Asthma in young linked to work

FARMERS AND farm workers are more than twice as likely to have asthma than office staff, raising concerns that the countryside can be more damaging to health than the inner cities.

A study of more than 15,500 people from 26 areas in 12 industrialised countries, including the United Kingdom, New Zealand and Spain, found that the risk of asthma was highest among farmers, painters, plastics workers and cleaners. In the biggest population study conducted on occupational asthma, the researchers found that up to 10 per cent of cases in young adults were related to their work.
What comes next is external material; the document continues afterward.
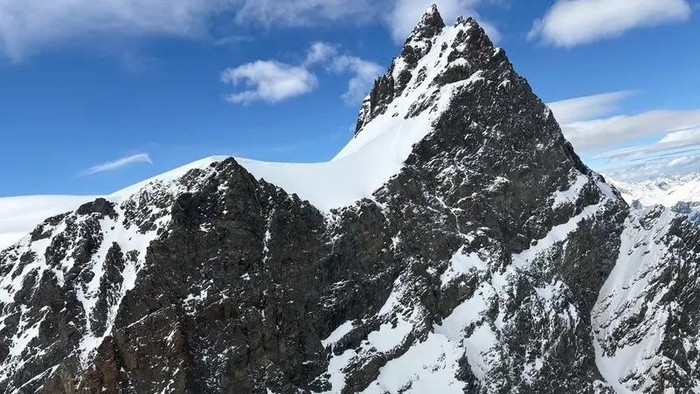 This handout photograph taken on May 24, 2025 and released on May 25, 2025 by the police of the Swiss Canton of Valais shows the Rimpfischhorn mountain peak where five skiers found dead on the Adler glacier in Zermatt region. (AFP)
Asthma is a common disease, worldwide affecting one in twenty adults and one in four children. It inflames the airways, causing them to over- react to dust, cold air, smoke and infections. The lining of the airways also becomes swollen, which can make breathing difficult. The study, done at the respiratory and environmental health research unit, in Bar- celona, provides evidence of asthma being developed or aggravated because of someone's occupation.

Not only those in paid work are at risk; housewives have a higher incidence of asthma than office workers. "About 5 per cent of asthma among women may be due to dust and other airborne material in the home," said Dr Joseph Anto, of the research unit. "The prevalence of occupational asthma in women and in specific occupations has been underestimated and should be an important public health issue in industrialised countries."

The findings, published in The Lancet, showed that the levels of asthma for farmers and cleaners were consistent across all 12 countries. The highest rates for farmers were in Italy, Australia and New Zealand.

Excess risks of asthma of 30 to 50 per cent were found for people who worked with biological dusts, mineral dusts and fumes. Of the 15,637 people assessed in Australia, Belgium, Germany, Iceland, Ireland, Italy, New Zealand, Norway, Spain, Sweden, the UK and United States, cleaners, the biggest of the 16 occupational groups, showed an increased risk of more than 30 per cent.

Dr Anto said: "Cleaners are commonly exposed to substances known to cause asthma, such as chlorine and acids, detergents and dusts."

The researchers also found that the incidence of asthma attributable to occupational exposure among women, excluding housewives, was higher than expected. Many different groups of workers were at high risk of asthma, including textile workers and many farm workers were also female. "Under-reporting of occupational asthma may be more common among women particularly if the potential adverse effects of household exposures on health are included," Dr Anto said.

A separate study, of nearly 3,000 asthma sufferers in Europe, showed nearly one in six adults had taken time off work because of his or her asthma and a similar number said the illness had influenced their choice of job. The survey, done by Asthma Insights and Realities in Europe, showed that nearly a quarter of sufferers had been woken up at night by their symptoms at least once a week in the past month.